# Notebook 6: Exploratory Data Analysis (EDA) & Feature Engineering

**Objective:** To understand the drivers of house prices in Bandung, identify premium neighborhoods, and prepare the dataset for Machine Learning.

**Input Data:** `df_platform_a_bandung_cleaned.csv` (Output from `05_outlier_removal`).

---

## Section 1: Feature Engineering (Price Metrics)

We cannot rely on `price` alone to compare neighborhoods. A 5 Billion IDR house might be "cheap" if it is huge, or "expensive" if it is tiny. 

We will create **Price per Square Meter (Land)** (`price_per_m2`). This is the standard metric for real estate value.

In [None]:
import pandas as pd
import seaborn as sns
import matplotlib.pyplot as plt
import numpy as np
import os

In [None]:
# --- 1. Load the Cleaned Data ---
# Pointing to the 'processed' directory
data_dir = r"..\data\processed"
filename = "df_platform_a_bandung_cleaned.csv"
full_path = os.path.join(data_dir, filename)

try:
    print(f"Loading data from: {full_path}...")
    df_platform_a = pd.read_csv(full_path)
    print(f"✅ Data Loaded Successfully. Total Listings: {len(df_platform_a)}")
except FileNotFoundError:
    print(f"❌ Error: Could not find the file. Please check the path or run Notebook 05.")

# --- 2. Feature Engineering: Create 'Price per m2' ---
# We use Land Size because in Indonesia, land value is the primary driver.
df_platform_a['price_per_m2'] = df_platform_a['price'] / df_platform_a['land_size_sqm']

# Helper: Create a "Juta per m2" column for easier reading/plotting
df_platform_a['price_per_m2_juta'] = df_platform_a['price_per_m2'] / 1_000_000

# --- 3. Inspect the New Feature ---
print("\n--- Price per Square Meter Summary (in Juta IDR) ---")
print(df_platform_a['price_per_m2_juta'].describe())

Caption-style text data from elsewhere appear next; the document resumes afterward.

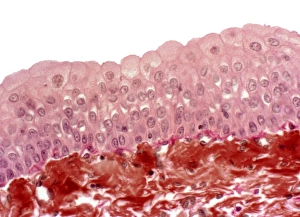 Bladder Epithelium Print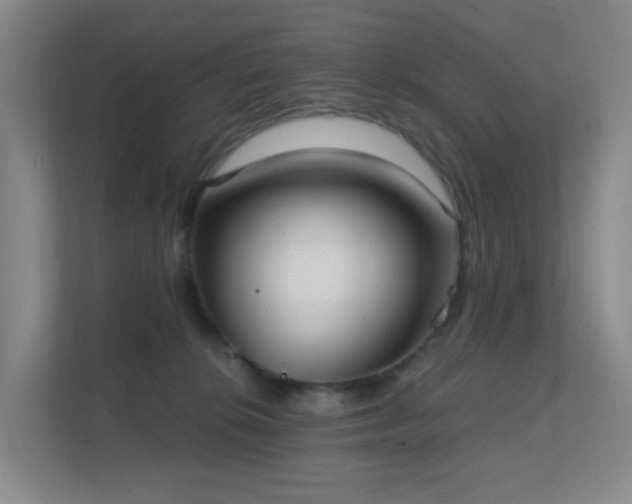 X0000112020276200908101408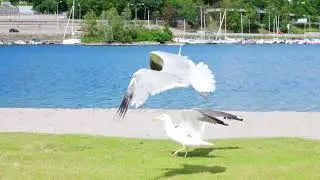 The Birds (2022) Bern Convention on the Conservation of European Wildlife and Natural Habitats 1979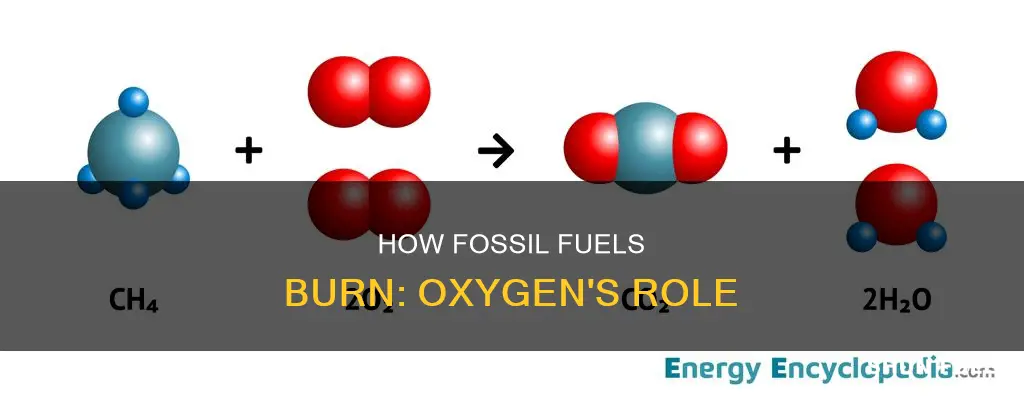 do fossil fuels need oxygen to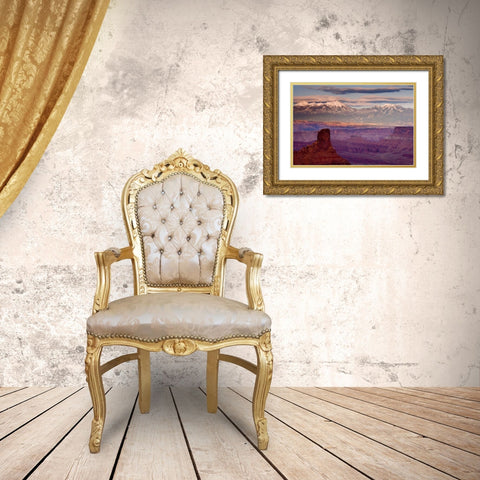 UT, Dead Horse Point SP  La Sal Mts at sunset Gold Ornate Wood Framed Art Print with Double Matting by Paulson, Don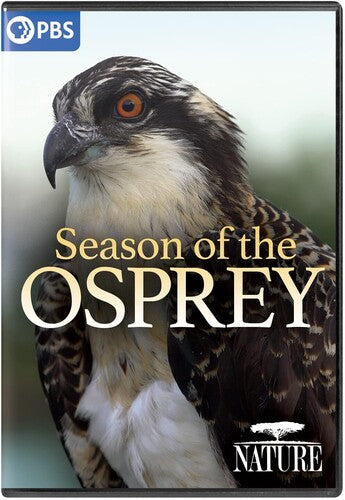 NATURE: Season Of The Osprey (DVD)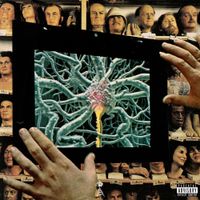 Broadband - Serpents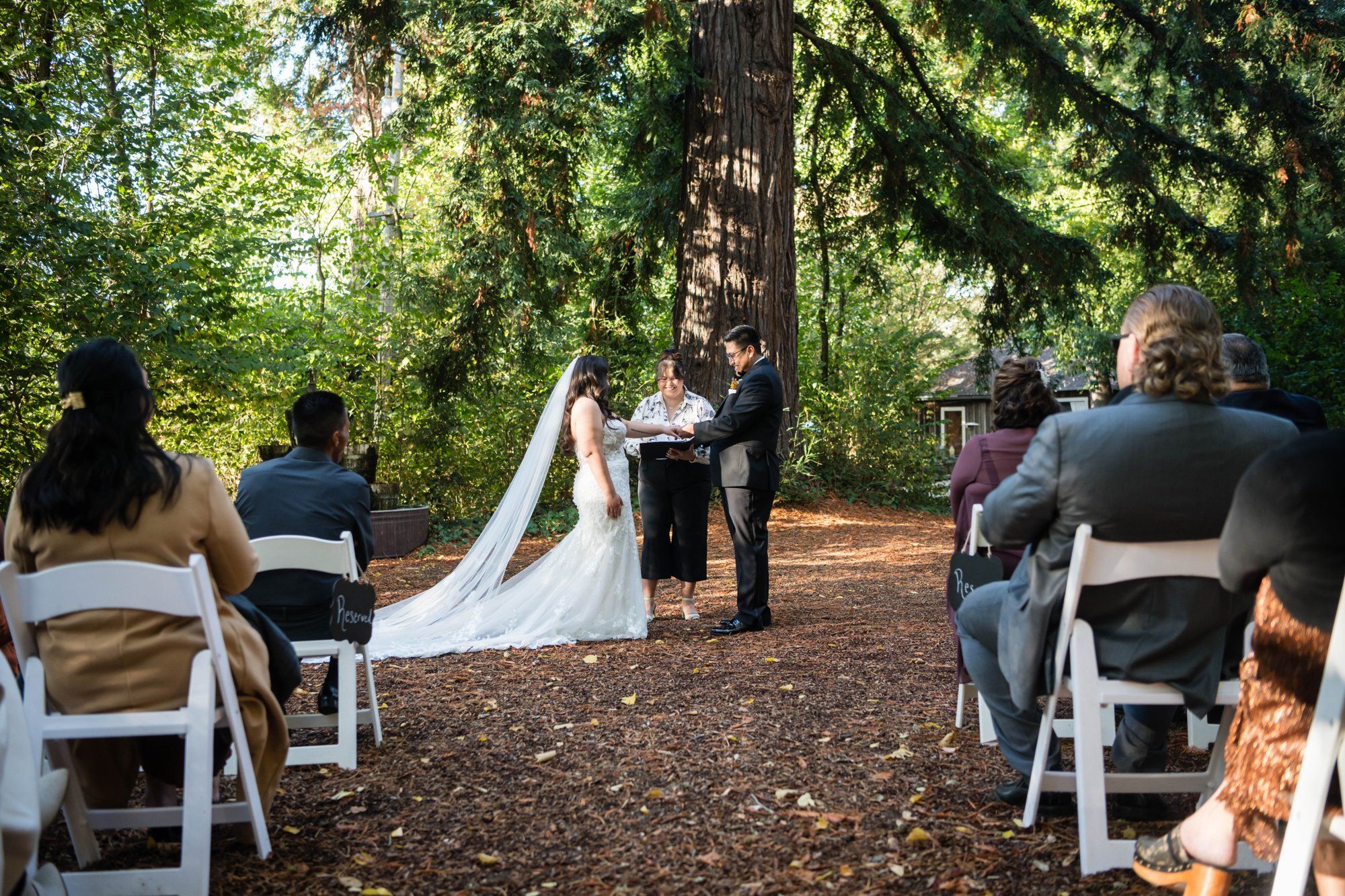 A fall-foliage micro wedding at Sand Rock Farm, A Redwood Ceremony on the Aptos Estate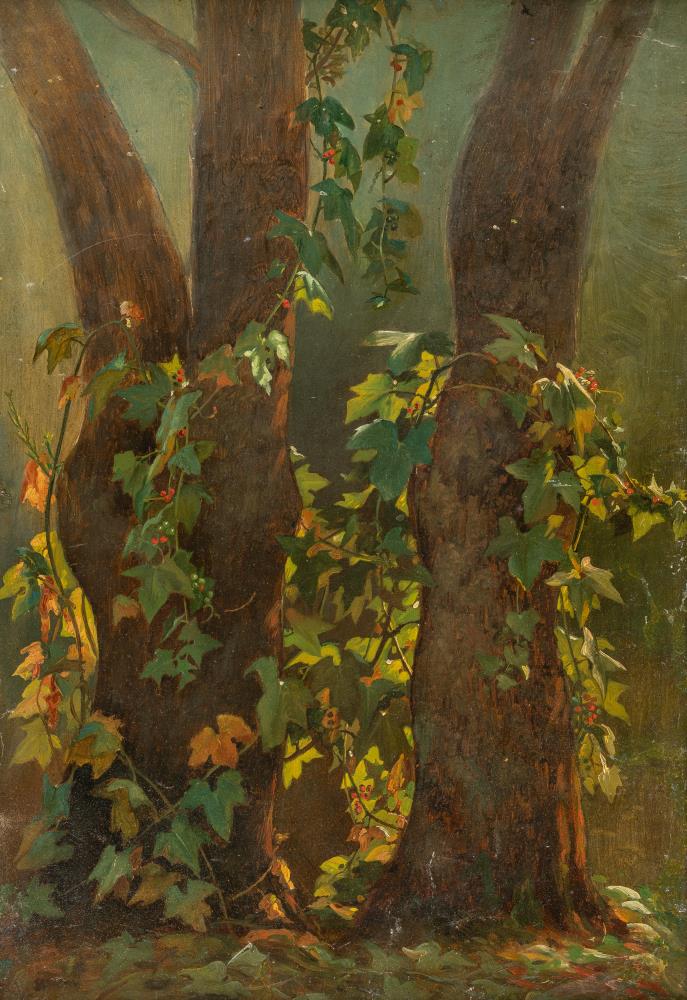 Alberi e vegetazione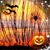 Tammy Heiman's profile image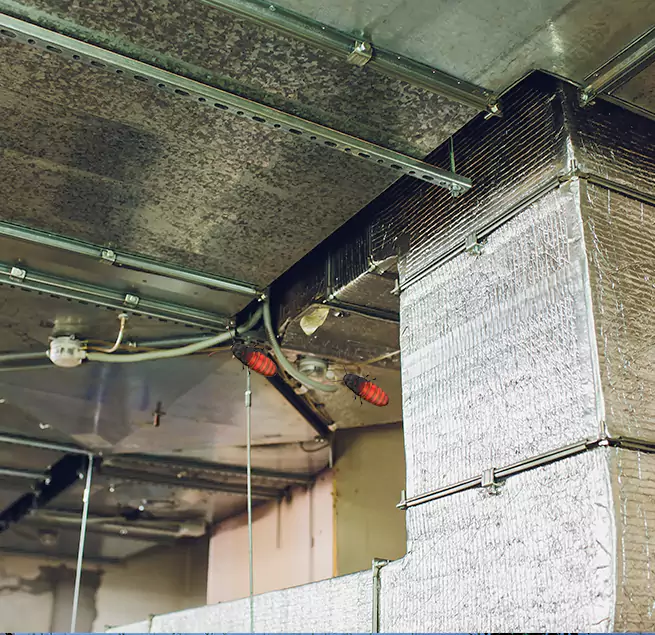 Why Homeowners & Businesses Trust Us South Holland, IL?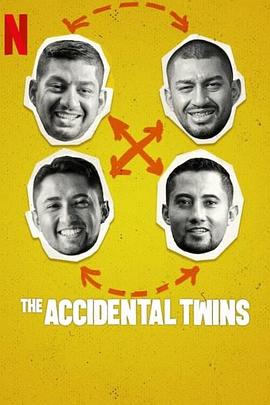 双胞胎乌龙：翻倍的兄弟情 The Accidental Twins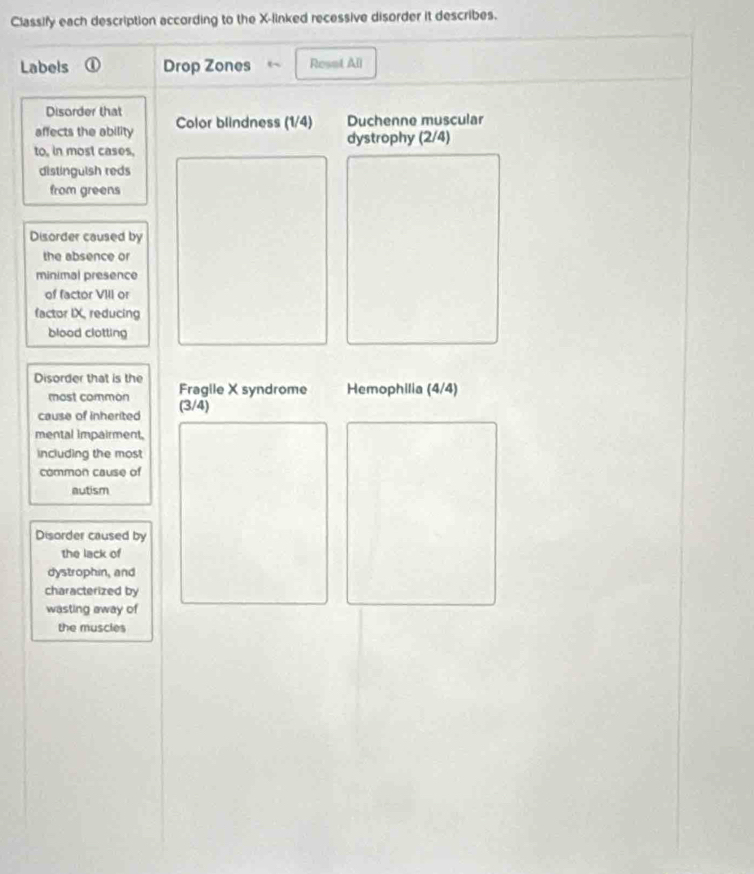 Classify each description according to the X -linked recessive disorder it describes. 
Labels ① Drop Zones ← Resot All 
Disorder that 
affects the ability Color blindness (1/4) Duchenne muscular 
to, in most cases, dystrophy (2/4)
distinguish reds 
from greens 
Disorder caused by 
the absence or 
minimal presence 
of factor VIII or 
factor IX, reducing 
blood clotting 
Disorder that is the 
most common Fragile X syndrome Hemophilia (4/4)
cause of inherited (3/4)
mental impairment. 
including the most 
common cause of 
autism 
Disorder caused by 
the lack of 
dystrophin, and 
characterized by 
wasting away of 
the muscles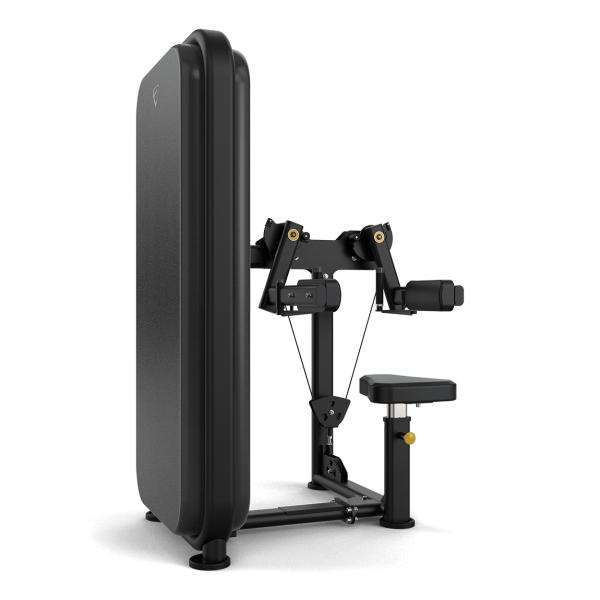 Lateral Raise - Image 2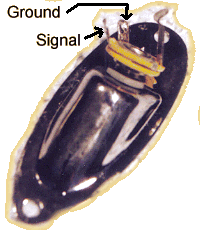 Typical Mono Output Jack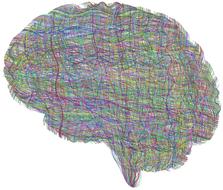 brain psychology mind drawing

# --- 4. Visualize the Distribution ---
plt.figure(figsize=(12, 6))
sns.histplot(df_platform_a['price_per_m2_juta'], bins=100, kde=True, color='teal')
plt.title('Distribution of Land Price (Juta per m²)', fontsize=16)
plt.xlabel('Price per Meter (Millions IDR)', fontsize=12)
plt.ylabel('Frequency', fontsize=12)
plt.xlim(0, 50) 
plt.grid(axis='y', alpha=0.3)
plt.show()

**Mean vs. Median**  
- Mean = 15.5  
- Median = 13.9  
The mean is very close to the median, showing the data is not heavily skewed.  
It approximates a normal distribution (bell curve), which is ideal for machine learning models.  

---

**The Standard Market**  
- 25% Quartile = 9.8 Juta/m²  
- 75% Quartile = 19.4 Juta/m²  
This range defines what a "normal" price looks like.  

50% of all houses in Bandung are priced between **9.8 Juta** and **19.4 Juta per m²**.
---

**The Maximum**  
- Max = 152 Juta/m²  
This is high, but realistic for a prime location in Dago or a commercial area.  
It is not an error like the 950 Billion outlier was.  


## Important Notes

Price / Land ignores the value of the building. A luxury mansion on 100m² costs more than a tear-down shack on 100m². Our current metric assumes the price is driven entirely by land, which is an oversimplification.

# --- Section 2: Basic Descriptive Statistics ---

In [None]:
# 1. Correlation Matrix (The "Drivers" of Price)
print("--- Calculating Correlations ---")
# Select only numeric columns of interest
numeric_cols = ['price', 'land_size_sqm', 'building_size_sqm', 'bedrooms', 'bathrooms']
correlation = df_platform_a[numeric_cols].corr()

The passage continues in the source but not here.